--- The task ---
Repeat all the records exactly, omitting pictures.

──────── Given records ────────

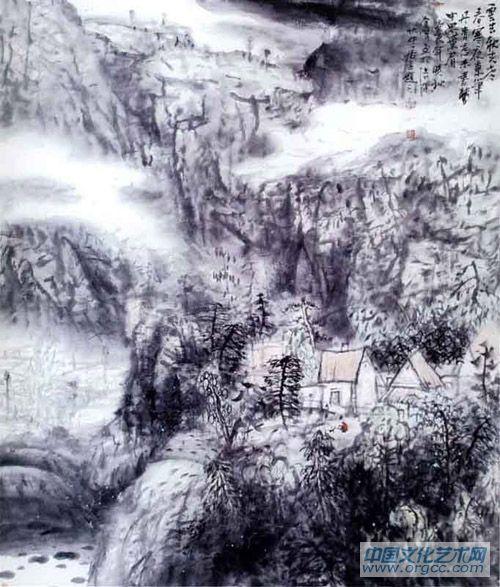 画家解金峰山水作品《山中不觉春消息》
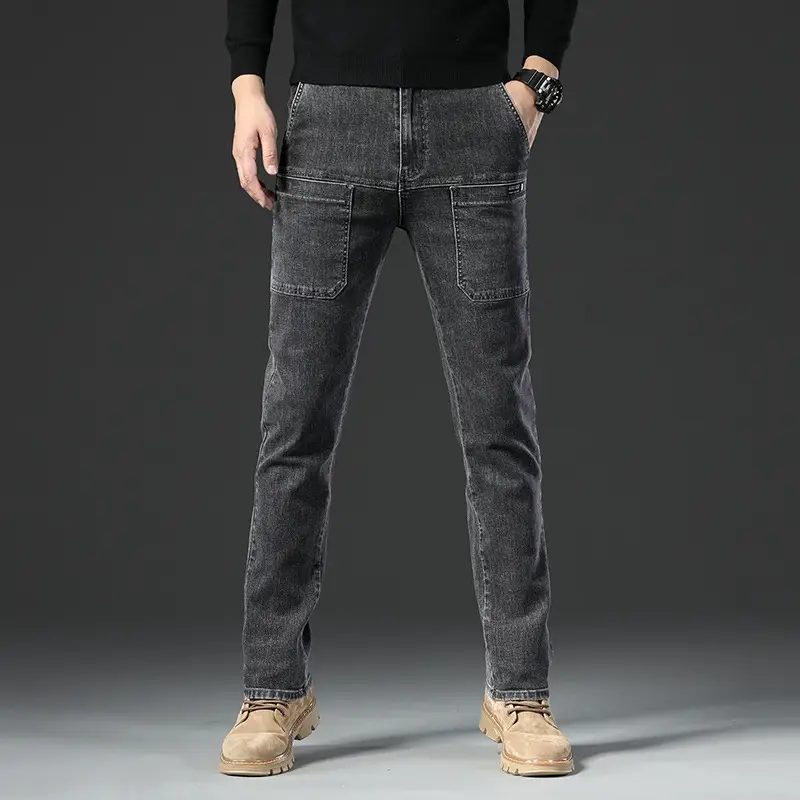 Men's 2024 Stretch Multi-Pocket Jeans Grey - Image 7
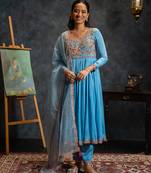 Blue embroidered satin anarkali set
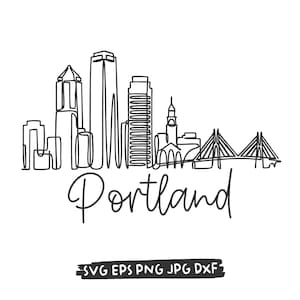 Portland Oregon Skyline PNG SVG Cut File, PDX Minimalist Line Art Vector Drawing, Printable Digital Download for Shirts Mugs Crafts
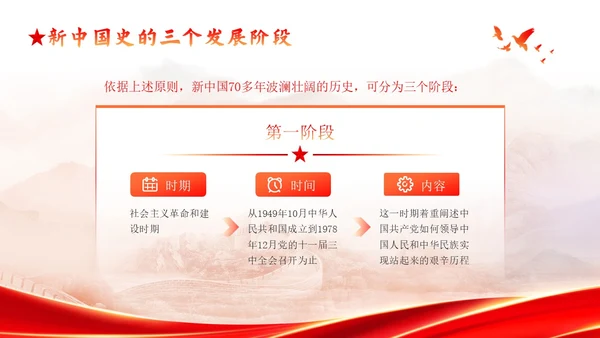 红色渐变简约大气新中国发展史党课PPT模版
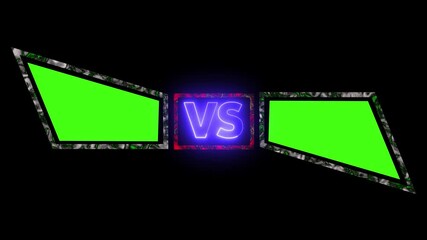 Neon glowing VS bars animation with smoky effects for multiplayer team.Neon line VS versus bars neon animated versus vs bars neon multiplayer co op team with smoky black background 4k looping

────────

--- Written response ---
 画家解金峰山水作品《山中不觉春消息》
 Men's 2024 Stretch Multi-Pocket Jeans Grey - Image 7
 Blue embroidered satin anarkali set
 Portland Oregon Skyline PNG SVG Cut File, PDX Minimalist Line Art Vector Drawing, Printable Digital Download for Shirts Mugs Crafts
 红色渐变简约大气新中国发展史党课PPT模版
 Neon glowing VS bars animation with smoky effects for multiplayer team.Neon line VS versus bars neon animated versus vs bars neon multiplayer co op team with smoky black background 4k looping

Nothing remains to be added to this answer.